--- START ---
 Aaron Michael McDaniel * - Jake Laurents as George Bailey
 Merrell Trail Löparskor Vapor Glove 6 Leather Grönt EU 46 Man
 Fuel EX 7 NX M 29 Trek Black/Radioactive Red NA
--- END ---
**Your objective**
Nothing but the lines from the one containing "Merrell Trail Löparskor" through the last line of the listing should be output, each exactly as written.

**Reply**
 Merrell Trail Löparskor Vapor Glove 6 Leather Grönt EU 46 Man
 Fuel EX 7 NX M 29 Trek Black/Radioactive Red NA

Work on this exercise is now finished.